---------- Source records

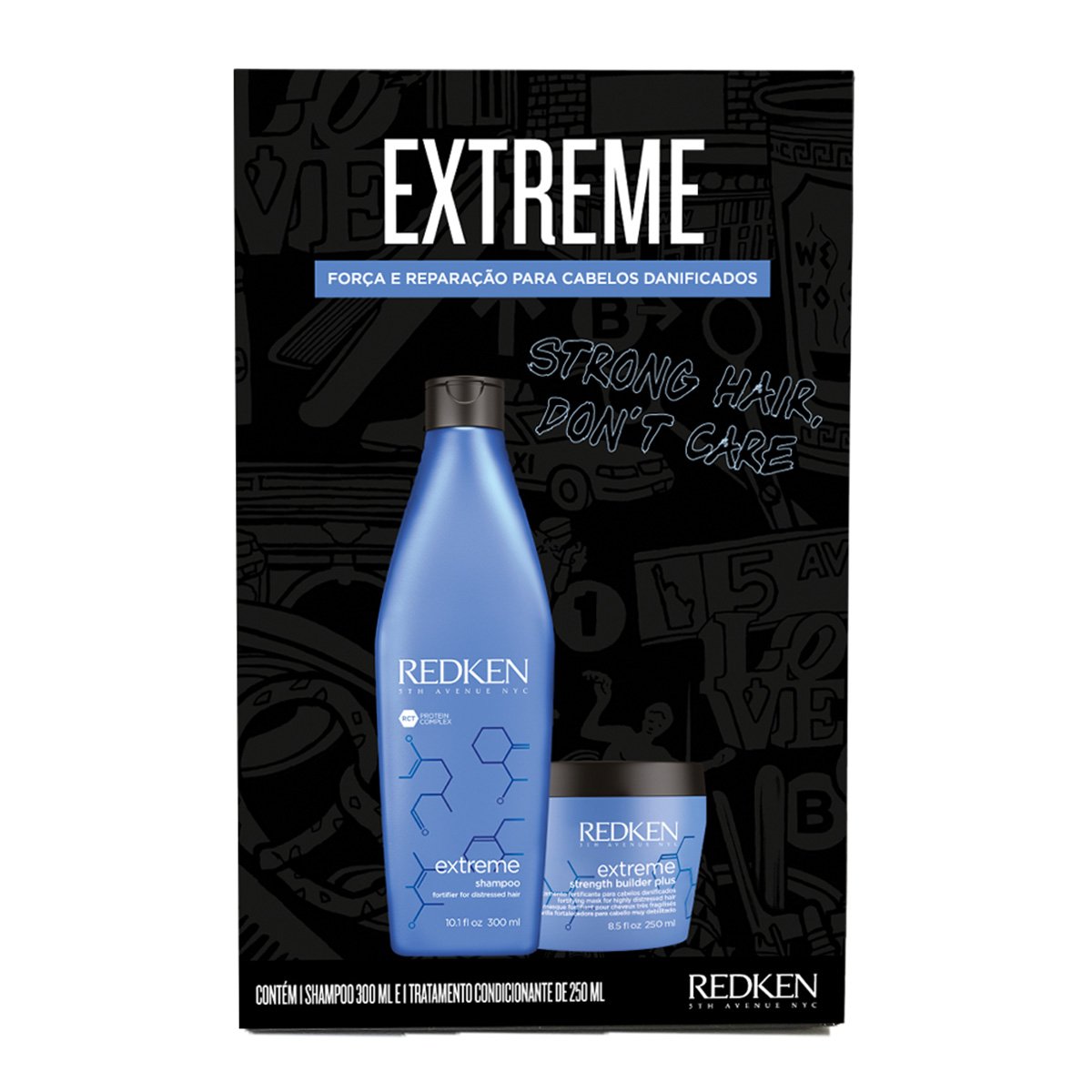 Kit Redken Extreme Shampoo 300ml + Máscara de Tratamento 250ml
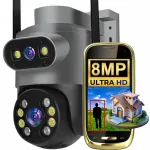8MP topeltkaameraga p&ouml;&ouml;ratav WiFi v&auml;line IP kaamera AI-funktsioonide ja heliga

--------------------
---------- Source records

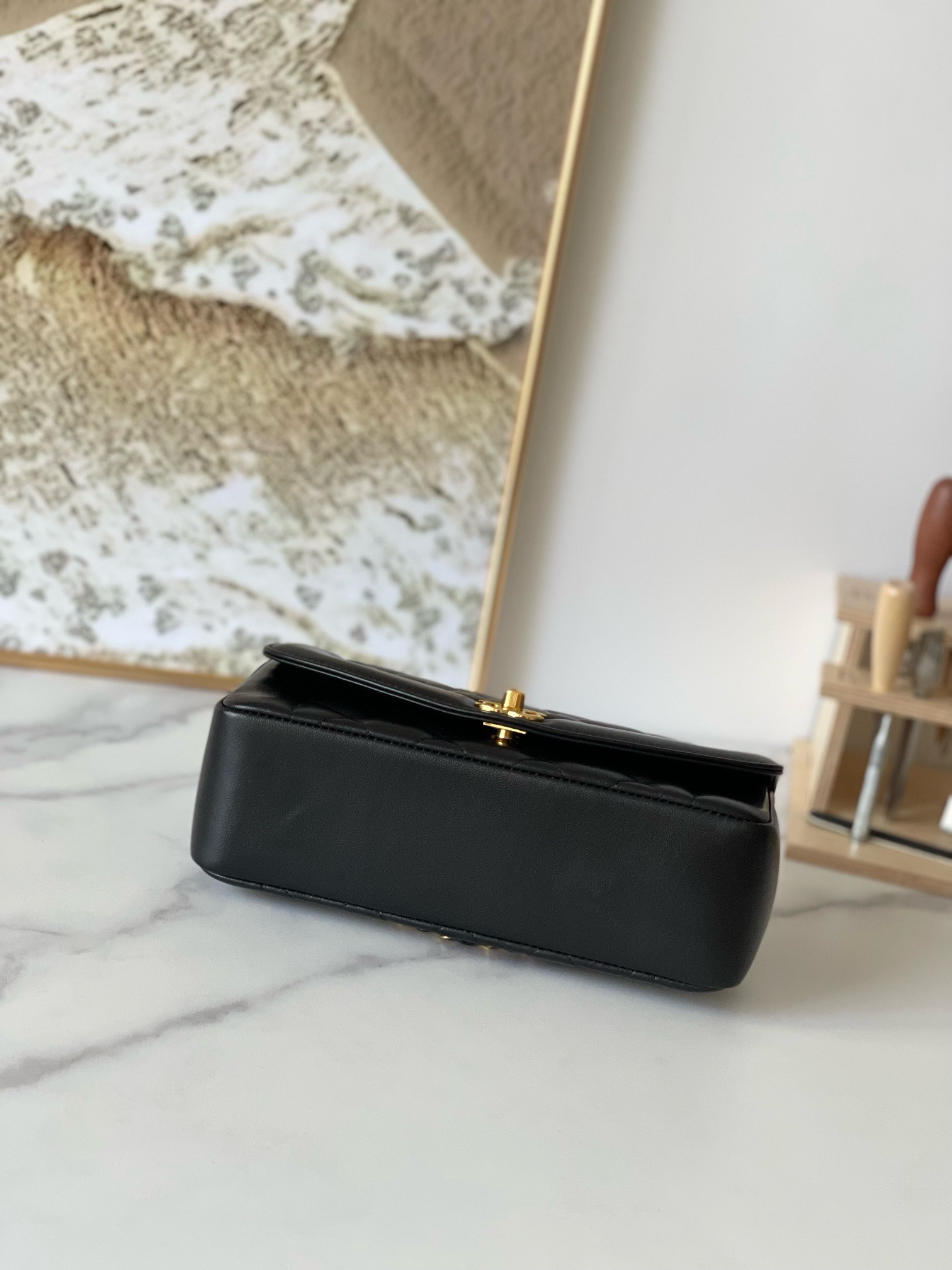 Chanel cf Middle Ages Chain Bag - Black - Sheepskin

--------------------

> [Exercise prompt]
Copy nothing but the lines above from the one with "Kit Redken Extreme" to the one with "8MP topeltkaameraga p&ouml;&ouml;ratav", inclusive, word for word. Leave every picture out.

> [Answer box]
 Kit Redken Extreme Shampoo 300ml + Máscara de Tratamento 250ml
8MP topeltkaameraga p&ouml;&ouml;ratav WiFi v&auml;line IP kaamera AI-funktsioonide ja heliga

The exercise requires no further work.